CCD vs CMOS, Which One is Better?

Every digital camera has at its heart a solid-state device which, like film, captures the light coming in through the lens to form an image. This device, called a sensor. An image sensor is a device that converts an optical image into an electronic signal. It is used mostly in digital cameras and other imaging devices. Early analog sensors were video camera tubes, most currently used are digital charge-coupled device (CCD) or complementary metal–oxide–semiconductor (CMOS) active pixel sensors.

CCD vs CMOS

As you may have know, today, most digital still cameras use either a CCD image sensor or a CMOS sensor. 

A CCD image sensor is an analog device. When light strikes the chip it is held as a small electrical charge in each photo sensor. The charges are converted to voltage one pixel at a time as they are read from the chip. 

A CMOS image sensor is a type of active pixel sensor, made using the CMOS semiconductor process. Extra circuitry next to each photo sensor converts the light energy to a voltage. 

Both CCD and CMOS have their own advantage in creating image quality. CCD sensors are more susceptible to vertical smear from bright light sources when the sensor is overloaded; high-end frame transfer CCDs in turn do not suffer from this problem. On the other hand, CMOS sensors are susceptible to undesired effects that come as a result of rolling shutter. But, more importantly, CMOS sensors are less expensive to manufacture than CCD sensors and consume less power, thus helping camera batteries live longer.

Because of the manufacturing differences, there have been some noticeable differences between CCD and CMOS sensors.

• CCD sensors create higher quality images and lower noise images than CMOS sensors. CMOS sensors on the other hand, are more susceptible to noise.
• Because each pixel on a CMOS sensor has several transistors located next to it, the light sensitivity of a CMOS chip tends to be lower.
• CMOS traditionally consumes little power. On the other hand,  CCDs consume as much as 100 times more power than an equivalent CMOS sensor. Simply said, camera batteries will live longer in CMOS based camera than CCD based camera
• CMOS chips can be fabricated on just about any standard silicon production line, so they tend to be extremely inexpensive compared to CCD sensors.
• CCD sensors have been mass produced for a longer period of time, so they are more mature.

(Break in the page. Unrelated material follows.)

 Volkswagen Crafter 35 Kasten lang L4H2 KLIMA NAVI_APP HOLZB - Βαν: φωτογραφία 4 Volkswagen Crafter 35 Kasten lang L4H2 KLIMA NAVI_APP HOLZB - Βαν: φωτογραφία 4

Based on these differences, you can see that CCDs tend to be used in cameras that focus on high-quality images with lots of pixels and excellent light sensitivity. CMOS sensors traditionally have lower quality, lower resolution and lower sensitivity. CMOS sensors are just now improving to the point where they reach near parity with CCD devices in some applications. CMOS cameras are usually less expensive and have great battery life.

 

Foveon X3 sensor

Foveon X3 is based on CMOS technology and used in Sigma's compact cameras and DSLRs. The Foveon X3 system does away with the Bayer filter array, and opts for three layers of silicon in its place. 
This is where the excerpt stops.